Decades of population loss have left the city of Cleveland with 3,600 acres of vacant land. Some 1,000 homes are demolished every year.

Currently, Cleveland plants turfgrass on these empty lots, but it’s expensive to maintain and offers few benefits.

“Alternative plant communities could offer greater environmental benefits such as support of biodiversity and improved storm-water infiltration to reduce flooding,” said OARDC scientist Mary Gardiner, associate professor in the Department of Entomology.

Last year, Gardiner started a large-scale, never-tried-before project examining the impact of eight different landscape treatments on the biodiversity and ecosystem function of 64 empty lots in eight Cleveland neighborhoods.
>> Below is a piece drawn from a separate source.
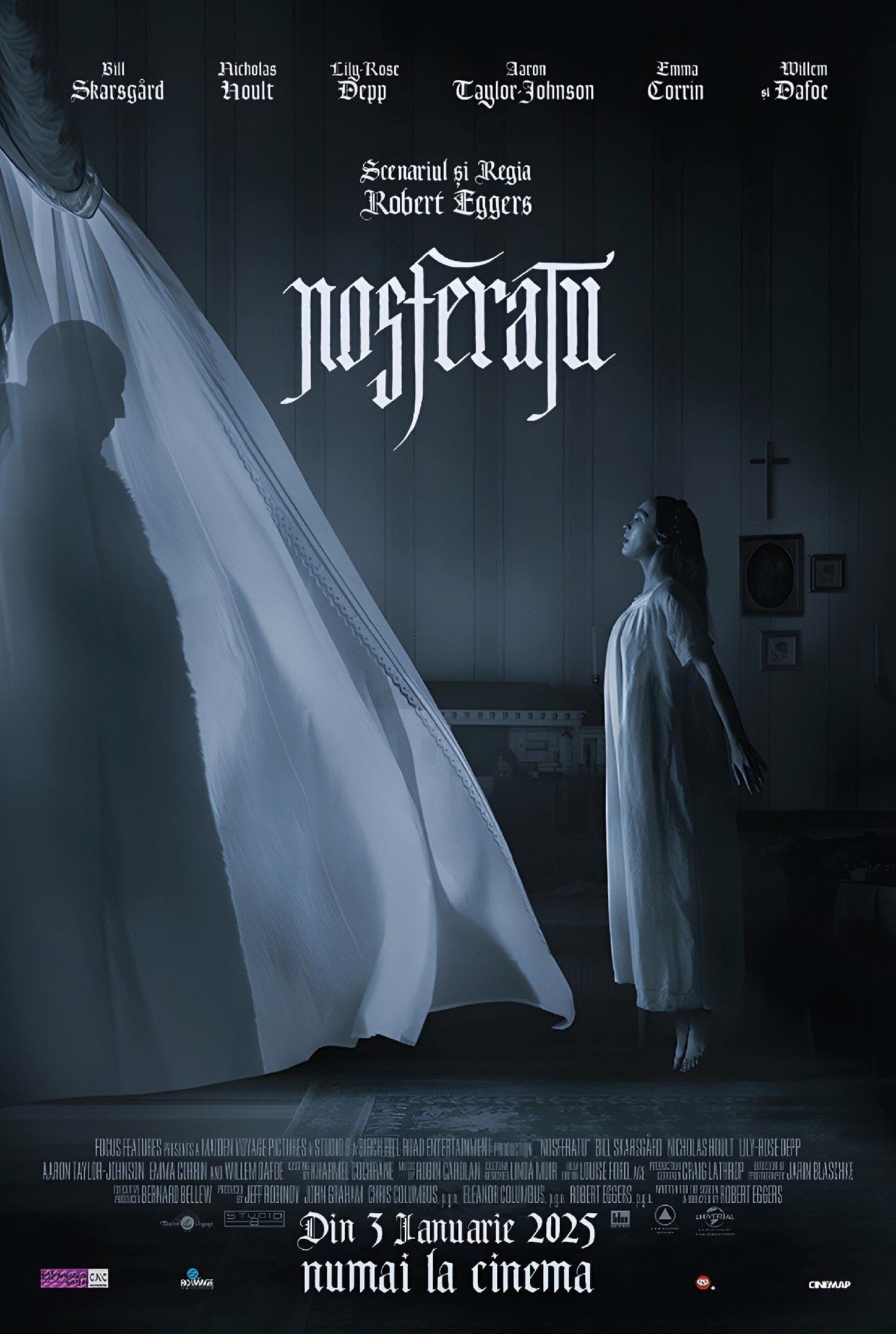 Nosferatu - Robert Eggers · 2024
The five-year project’s main goal is to gather data that will inform future green space design in Cleveland and other cities engaged or interested in vacant-land management.

“With the right combination of plants and increased ecosystem services,” she said, “urban vacant land can be seen as an asset for community development rather than as an eyesore.”

“Alternative plant communities can offer greater environmental benefits.”—Mary Gardiner

Greening the land in the ’Land

  • The project is funded by a highly competitive $909,200 Faculty Early Career Development Program grant from the National Science Foundation, which promotes integrating research and education.
  • Part of the project includes developing a high school science curriculum for use by teachers in Cleveland and elsewhere in Ohio.
  • A related program involves training Master Gardener volunteers on issues related to urban farming.